STORED DATA —
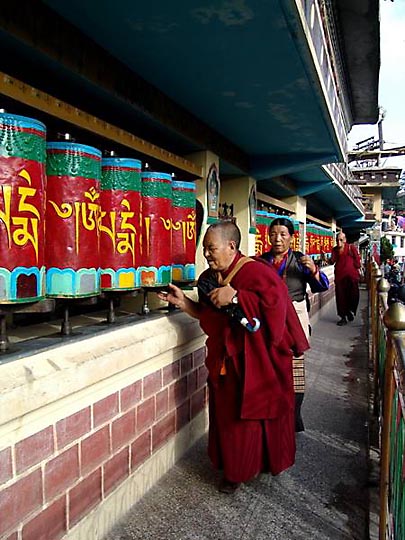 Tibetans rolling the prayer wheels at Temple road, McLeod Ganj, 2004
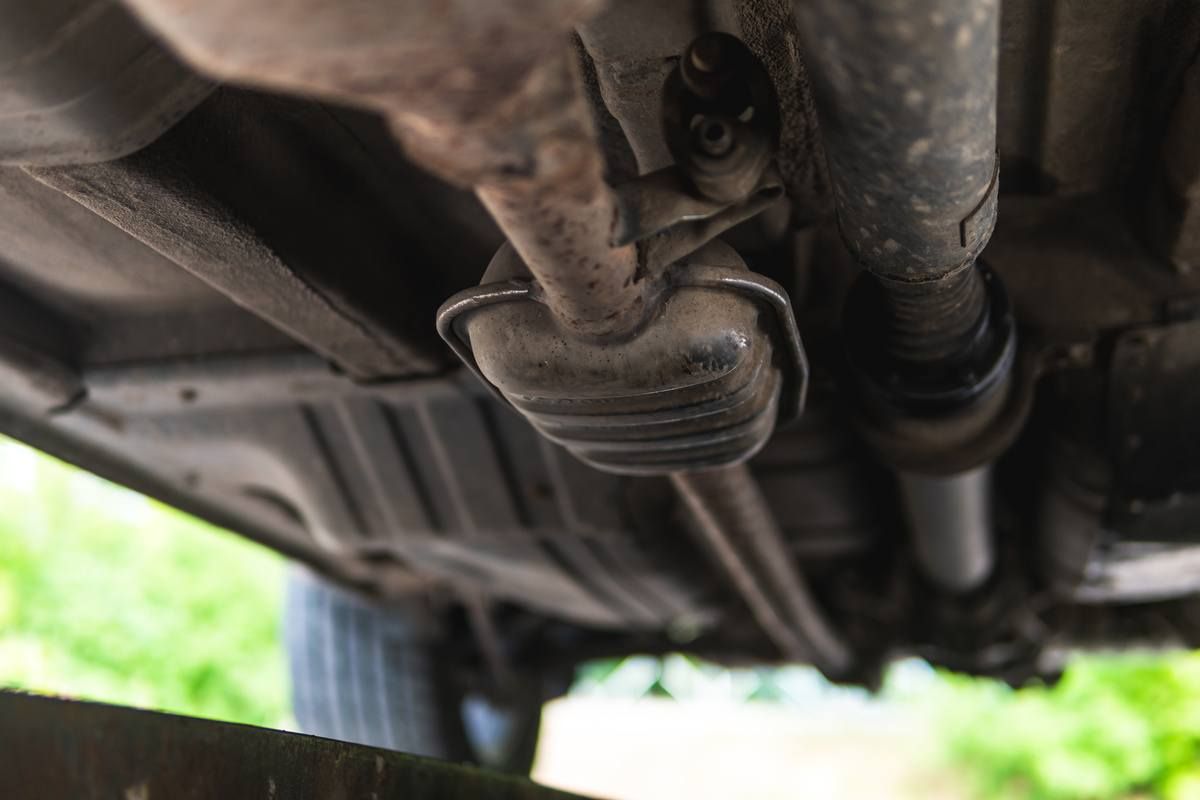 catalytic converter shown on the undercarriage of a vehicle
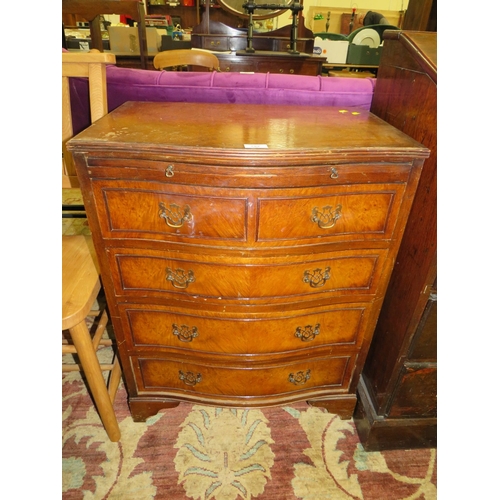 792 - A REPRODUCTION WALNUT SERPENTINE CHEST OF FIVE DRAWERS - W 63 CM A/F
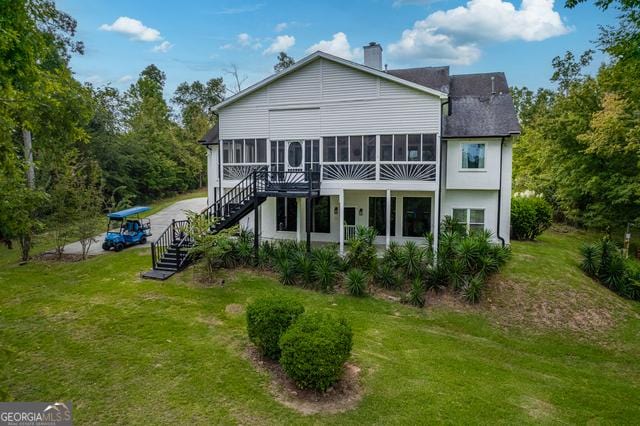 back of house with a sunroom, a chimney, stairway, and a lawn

ACTION ITEM —
The lines needed are those from the one containing "catalytic converter shown" through the end of the listing, given again word for word and without any picture.

YOUR RESPONSE —
 catalytic converter shown on the undercarriage of a vehicle
 792 - A REPRODUCTION WALNUT SERPENTINE CHEST OF FIVE DRAWERS - W 63 CM A/F
 back of house with a sunroom, a chimney, stairway, and a lawn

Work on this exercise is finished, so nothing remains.